§ DATA SHOWN
╭──

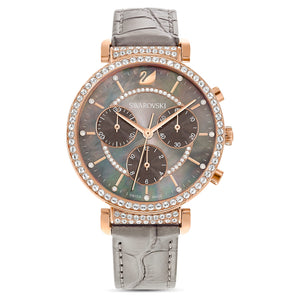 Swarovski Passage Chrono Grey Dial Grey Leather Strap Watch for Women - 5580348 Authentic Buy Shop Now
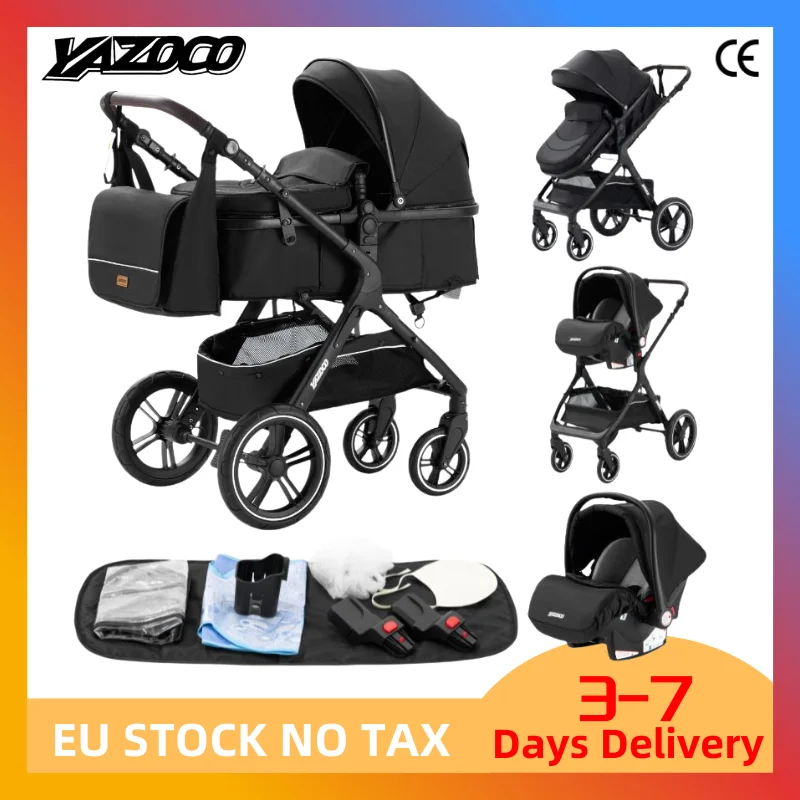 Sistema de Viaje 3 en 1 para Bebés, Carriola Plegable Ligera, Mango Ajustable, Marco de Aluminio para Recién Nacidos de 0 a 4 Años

╰──
╭──

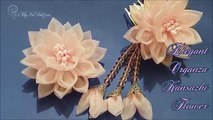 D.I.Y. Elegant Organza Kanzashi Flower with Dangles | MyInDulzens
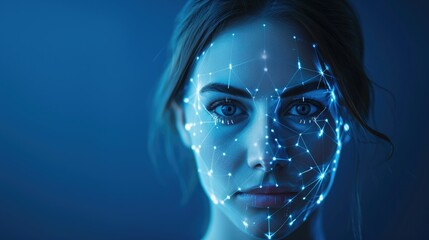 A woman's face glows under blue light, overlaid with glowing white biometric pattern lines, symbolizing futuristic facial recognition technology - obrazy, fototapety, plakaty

╰──
╭──

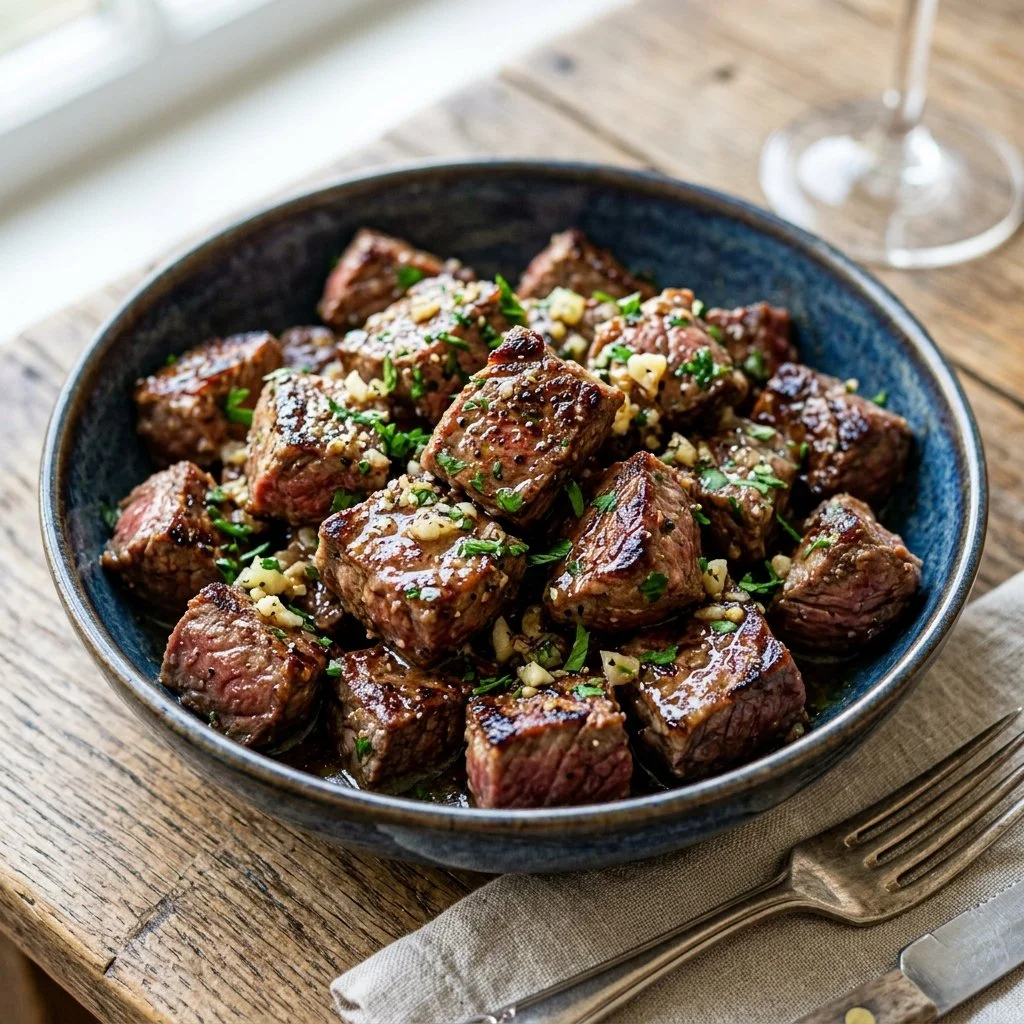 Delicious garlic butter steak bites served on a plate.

╰──

§ WHAT IS BEING ASKED
Of the lines above, quote exactly those from the one with "D.I.Y. Elegant Organza" through the one with "A woman's face", ends included; pictures stay out.

§ TASK RESPONSE
 D.I.Y. Elegant Organza Kanzashi Flower with Dangles | MyInDulzens
 A woman's face glows under blue light, overlaid with glowing white biometric pattern lines, symbolizing futuristic facial recognition technology - obrazy, fototapety, plakaty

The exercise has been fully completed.